The legacy of coffee growing is a complicated and nasty one in Guatemala. It began in the late 19th century with German and English immigrants purchasing large tracts of land close to ports and, with the support of dictator Justo Rufino Barrios, made the lion’s share of their profits off of the forced labour of Indigenous people who are beholden to work seasonally in these fincas by virtue of the mandamiento system. This ignominious birth of the national coffee industry seems to have stained it to this day, as despite a growth in Indigenous growers of coffee, the wealthy and connected local elite tend to dominate the export sector. 

Over the 20th century, as coffee prices plummeted, many of these wealthy landowners or their children abandoned the pursuit of coffee growing, while Indigenous peoples -- who now populated high altitude remote areas due to a pattern of emigration forced by the mandamentio system -- found themselves able to grow quality product that would demand a premium. However, in most cases in Guatemala, coffee growing due to being a single production crop annually, and that most manage very small plots of land, cannot be a single option for sustainable living. Rather, as described in their article on smallholder growers in Guatemala, Edward Fischer and Bart Victor explain that the “true goal (of coffee production) should be the freedom of people to live by their desires” rather than being viewed as an economic boon that will reap them large fiscal rewards. 

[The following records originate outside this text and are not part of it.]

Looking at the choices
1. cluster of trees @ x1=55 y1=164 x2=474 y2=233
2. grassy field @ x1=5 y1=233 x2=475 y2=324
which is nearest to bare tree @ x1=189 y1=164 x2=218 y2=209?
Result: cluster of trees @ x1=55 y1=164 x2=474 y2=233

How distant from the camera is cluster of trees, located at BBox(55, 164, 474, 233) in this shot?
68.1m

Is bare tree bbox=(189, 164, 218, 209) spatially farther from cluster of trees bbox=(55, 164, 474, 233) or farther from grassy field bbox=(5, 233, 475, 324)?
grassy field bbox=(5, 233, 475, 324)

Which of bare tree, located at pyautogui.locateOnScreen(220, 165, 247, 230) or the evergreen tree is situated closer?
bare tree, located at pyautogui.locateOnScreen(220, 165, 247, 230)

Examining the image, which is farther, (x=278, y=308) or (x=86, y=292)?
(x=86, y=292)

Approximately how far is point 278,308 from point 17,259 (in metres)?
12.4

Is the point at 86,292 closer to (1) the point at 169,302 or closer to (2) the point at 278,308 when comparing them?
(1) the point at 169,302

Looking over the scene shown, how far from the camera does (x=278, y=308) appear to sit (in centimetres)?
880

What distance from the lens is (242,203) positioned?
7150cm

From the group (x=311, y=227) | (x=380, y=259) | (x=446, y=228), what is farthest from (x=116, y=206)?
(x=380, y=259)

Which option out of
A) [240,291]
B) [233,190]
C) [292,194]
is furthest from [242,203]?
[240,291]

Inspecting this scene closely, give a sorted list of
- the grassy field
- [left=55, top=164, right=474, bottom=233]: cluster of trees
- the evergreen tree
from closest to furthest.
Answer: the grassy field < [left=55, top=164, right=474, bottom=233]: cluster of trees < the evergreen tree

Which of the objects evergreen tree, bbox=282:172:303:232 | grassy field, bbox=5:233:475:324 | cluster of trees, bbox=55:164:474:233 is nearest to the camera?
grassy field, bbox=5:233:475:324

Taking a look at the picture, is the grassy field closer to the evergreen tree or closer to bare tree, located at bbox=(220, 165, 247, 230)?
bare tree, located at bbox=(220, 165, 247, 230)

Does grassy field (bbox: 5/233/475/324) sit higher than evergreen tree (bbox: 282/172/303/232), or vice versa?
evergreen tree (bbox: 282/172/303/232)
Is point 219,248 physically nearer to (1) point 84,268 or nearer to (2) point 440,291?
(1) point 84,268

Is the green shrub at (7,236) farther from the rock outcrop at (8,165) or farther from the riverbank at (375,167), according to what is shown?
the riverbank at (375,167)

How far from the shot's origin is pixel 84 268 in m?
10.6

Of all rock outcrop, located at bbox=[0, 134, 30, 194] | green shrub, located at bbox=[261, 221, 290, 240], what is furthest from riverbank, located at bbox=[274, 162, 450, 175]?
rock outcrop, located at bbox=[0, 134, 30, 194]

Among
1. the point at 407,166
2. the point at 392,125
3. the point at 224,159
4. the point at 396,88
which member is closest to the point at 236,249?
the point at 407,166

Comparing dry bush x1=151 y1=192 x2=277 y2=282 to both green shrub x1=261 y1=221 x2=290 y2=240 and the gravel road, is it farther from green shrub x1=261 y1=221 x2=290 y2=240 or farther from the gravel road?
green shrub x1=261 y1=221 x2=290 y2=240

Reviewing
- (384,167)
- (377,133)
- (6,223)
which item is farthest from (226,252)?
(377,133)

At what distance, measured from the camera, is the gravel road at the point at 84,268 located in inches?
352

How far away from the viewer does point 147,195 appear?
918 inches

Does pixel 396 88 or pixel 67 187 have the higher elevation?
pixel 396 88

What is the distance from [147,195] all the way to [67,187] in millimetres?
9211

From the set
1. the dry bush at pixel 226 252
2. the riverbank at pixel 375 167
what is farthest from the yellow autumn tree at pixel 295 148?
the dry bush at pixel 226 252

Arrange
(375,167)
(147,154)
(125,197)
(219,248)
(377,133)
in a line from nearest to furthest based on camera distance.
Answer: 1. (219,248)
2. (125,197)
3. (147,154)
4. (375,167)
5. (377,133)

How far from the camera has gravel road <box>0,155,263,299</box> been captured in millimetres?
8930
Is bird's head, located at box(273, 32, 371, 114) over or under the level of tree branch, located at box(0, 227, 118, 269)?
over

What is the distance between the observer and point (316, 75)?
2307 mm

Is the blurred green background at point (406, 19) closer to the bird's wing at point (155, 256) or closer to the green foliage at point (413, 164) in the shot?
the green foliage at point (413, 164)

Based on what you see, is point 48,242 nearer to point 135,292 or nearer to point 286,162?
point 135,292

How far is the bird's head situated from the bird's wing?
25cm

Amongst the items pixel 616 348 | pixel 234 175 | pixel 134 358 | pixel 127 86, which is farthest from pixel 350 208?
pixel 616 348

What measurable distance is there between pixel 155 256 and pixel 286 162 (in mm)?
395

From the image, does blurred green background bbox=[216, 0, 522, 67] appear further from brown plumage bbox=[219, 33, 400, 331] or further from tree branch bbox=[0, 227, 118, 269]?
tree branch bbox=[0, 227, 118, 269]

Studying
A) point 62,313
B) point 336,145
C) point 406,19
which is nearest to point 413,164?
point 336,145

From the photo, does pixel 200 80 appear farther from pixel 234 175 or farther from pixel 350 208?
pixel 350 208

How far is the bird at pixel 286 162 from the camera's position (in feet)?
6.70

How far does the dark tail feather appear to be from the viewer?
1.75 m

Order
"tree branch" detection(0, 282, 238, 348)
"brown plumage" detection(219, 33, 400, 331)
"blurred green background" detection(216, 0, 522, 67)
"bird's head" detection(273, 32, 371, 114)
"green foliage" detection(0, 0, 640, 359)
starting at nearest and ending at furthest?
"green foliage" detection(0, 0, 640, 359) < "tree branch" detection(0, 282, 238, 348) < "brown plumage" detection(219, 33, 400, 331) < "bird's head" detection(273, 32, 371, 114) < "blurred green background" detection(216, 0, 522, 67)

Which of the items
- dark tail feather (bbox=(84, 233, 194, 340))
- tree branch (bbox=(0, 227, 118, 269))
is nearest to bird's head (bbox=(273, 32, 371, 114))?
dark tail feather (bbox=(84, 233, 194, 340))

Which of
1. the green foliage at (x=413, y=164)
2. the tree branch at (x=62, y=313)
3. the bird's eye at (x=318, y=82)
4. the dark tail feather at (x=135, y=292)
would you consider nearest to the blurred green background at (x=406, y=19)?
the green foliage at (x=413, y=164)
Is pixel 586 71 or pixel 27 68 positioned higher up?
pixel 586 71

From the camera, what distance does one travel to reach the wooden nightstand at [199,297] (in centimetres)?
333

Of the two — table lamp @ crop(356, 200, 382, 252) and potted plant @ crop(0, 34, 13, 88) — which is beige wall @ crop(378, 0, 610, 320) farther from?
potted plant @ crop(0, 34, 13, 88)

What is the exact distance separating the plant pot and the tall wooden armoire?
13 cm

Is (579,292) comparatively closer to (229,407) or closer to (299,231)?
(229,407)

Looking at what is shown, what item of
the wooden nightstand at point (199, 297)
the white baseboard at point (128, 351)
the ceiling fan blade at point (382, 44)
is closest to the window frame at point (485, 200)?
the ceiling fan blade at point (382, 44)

In Mataquescuintla, the Cafe Colis Resistencia group has struggled against a national coffee organization that fails to assist them agronomically nor economically, and has only distanced itself in recent years as they have protested the mine. Defined as a conflict zone, Anacafe closed their office in Mataquescuintla -- an area that counts itself as 70% dependent on coffee -- only a few years ago. Instead, this body supports major growers who purchase this group's coffees and sell them for a premium, never offering transparency in prices nor in market to these growers. Furthermore, Anacafe presents restrictive and difficult regulations around the obtaining of an exportation licence that leaves the group unable to independently organize the sale and exportation of their coffee. 

Many of the group have stepped away or attempted to step away from selling in cherry, instead processing their own coffee to parchment or renting the services of a local wet mill to do so. Even still, they have been unable to obtain an export licence and as such are still dependent on this wealthy and elite group to mill and export at increased costs. 

Worst of all is that without Anacafe, the group's access to intellectual resources surrounding agronomy, soils, and crop diseases has nearly completely evaporated. Currently, multiple members of the group are facing a disease known as Yellow Fever in which the coffee plant appears healthy during its flowering cycle only to completely dry up and die during harvest. This could be something as simple as a soil nutrient imbalance, but without agronomists who are willing to enter the zone nor the cash to pay for these costly tests, it leaves them to operate blindly on the hope that things will rebound. 

In short, no matter the angle this group takes to defend their land and their communities, or to pursue a better life for themselves via increased prices and access to a solid and trustworthy market, they're met with adversity and obfuscation.

Steps we've taken together since 2018 now appear revolutionary. Multiple of these growers now have loyal clients and are finally gaining access to the knowledge and support and capital they need to actuate their desires, but there is still a long way to go. Most of these growers who dedicated buyers must sell in cherry to make it through the harvest and many more still haven't been able to invest in their own farms to process their own coffees.